Someone wrote to me once and said they would see when you get goose bumps during
the set and that they could see when your hand trembled when you picked up a
glass to drink. And that is human frailty if you like. In my experience I find
when I put other musicians together with my stuff I lose something- I don’t
gain anything.
“Ralph, talking about venues and musical establishments you’ve played over the years, what makes for your ideal venue and do you have any favourites in which to play?”
One of
the things we’ve touched on is depth of communication. I have to say, and
I’m not the only person who would say this, I’m sure others would say it
too, but there was something very very special, and in fact something that will
not be equalled in my life about playing Belfast during the troubles. Here was
this Englishman of undeclared allegiance in a particular struggle. No one asked
who was carrying what card when they came into the audience. Belfast has changed
and it is funny how we quickly forget those really bad times and get on. At one
time there were not many people coming over from England to play because of the
troubles and they made a tremendous fuss of me. It was a marvellous feeling and
deeply deeply spiritual.
When it comes to favourite places to play the secret is to make every place a
favourite place to play and that can depend on a large part on how you are
hearing yourself. Now this is a technical thing and I don’t want to get boring
but the biggest single advance in my career has been better monitoring. You
started with me with a monitor speaker at shoulder level on a table, low volume
with juts a touch of reverb. It was to make every stage seem the same. A black
backdrop, muted lighting in red, blue and a spot. Now with the advent of new
monitoring I can achieve that. I can hear myself as never before. I’ve gained
a new confidence, I feel much more relaxed, much more positive with respect to
my singing and it is now more like listening to a record of mine in one ear and
in the other getting all you lot which is fantastic.

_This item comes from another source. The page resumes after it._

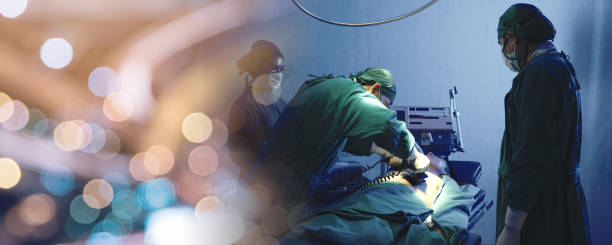 Defibrillation cardiac dysrhythmia, Surgical doctor team performing surgery patient on operating room in hospital stock photo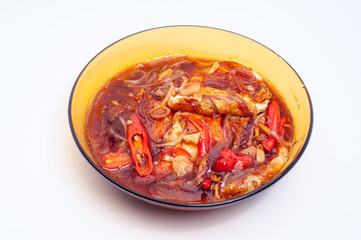 fried eggs cooked with sauce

“Which recent project has pleased you most National Treasure, National Tour, Irish Tour, or the Summer Lightning book?”
That is very hard. I think probably, because of my eldest boy’s help and a bit of a coming together a year or so ago, the National Treasure album. We had some laughs and he made me try things, and he made me pitch songs up several keys. And it has been a bonding thing although we have never been estranged because he lives in the same house, but sometimes things are strained as they would be in any family. No one has criticized any aspect of that album. It is rougher than many of the albums I’ve done but people seem to like that more organic approach. There were live versions of just everything you know and I think that was very important and very enjoyable. Touring is touring. The book…..well lets put it this way, the aftermath of the book, the fact that handing over the past in such a way was OK. It was all done higgledy piggeldy. I’d write about living in a squat in Poole or going to nursery school and then it was separated into two distinct halves and we had to do some judicious editing to protect certain people that are still around. I must say it muddied the water of my perceptions a little bit and I’ve had quite a difficult time. It is not something anyone should go into lightly but I think that hopefully we are out the other side of it now and I cannot wait for the book to be out. I think it is something that has to be viewed with great care. Emotionally speaking it has been a tough one. It was written in 1998 and it has been lying around and edited with little bits taken out or rewritten and so on. I think you will find it interesting. It won’t be quite the same as Angel Laughter which has charm. In this one the boy becomes a man so it’s a bit…..you know….”oh I didn’t know that about Ralph” or “that’s a bit heavy” or “what is going on here- we are not being told” and all of that has gone in. I could have written exactly the same amount again I think about that period and as I lifted the lid over things I’m sure just like you the years between sixteen and twenty one were crammed full. We were never still, my gang, we were everywhere and music was our driver- music and girls
“well I wish the same could have been said of me but there we are!”
“What about the long
awaited guitar book that Roger Brown and you have collaborated on? I believe the
number of songs grew and grew. Are you satisfied with the final product?”
Well
first of all, technically, I don’t know how Roger has done it. It is an
enormous tribute to his patience and a great compliment I think to me, that he
feels that the tunes are worth that total type of scrutiny. It is all my own
work and he has written it out so that other people can bet a better handle on
it and I am immensely grateful. In fact I was talking to someone the other day
about the fact that there is not much video film of me unless it’s me doing
the alphabet songs or growing old in front of your eyes singing the same song
because, you know, whenever I’ve gone on television they’ve wanted to hear
Streets of London. So here is a tangible thing, a book of songs and if you learn
them then you can play them like me. Some of them will be quite challenging and
you maybe surprised at how challenging some of them are.
“Talking
of videos I remember you filmed at least one of your two nights at the Institute
of Contemporary Arts at the end of 2000. Will these see the light of day?”
I hope
so. One of the reasons why Tickety Boo and I parted company was that because I
don’t think anyone ever bothered to look at it. There are many reasons for
that but partly it is that I was very small beer in that organisation. I don’t
want to cast any aspersions but it’s like I was something that was going on
over there and probably my commissions didn’t pay one of the girl’s wages in
the office. But when I realised that no one had had a look at it I thought it
bode rather poorly for my status in the company. Steve’s life has changed a
lot and so what is done is done. I would love to have had the QEH filmed but I
don’t think I can afford it. I mean it costs thousands to do a three camera
shoot. I’d like to think that perhaps in my sixtieth year we will do an
amalgam of all kinds of things- out takes from Tickle on the Tum, some early
footage. There is in existence a documentary that was filmed in 1970 by Granada.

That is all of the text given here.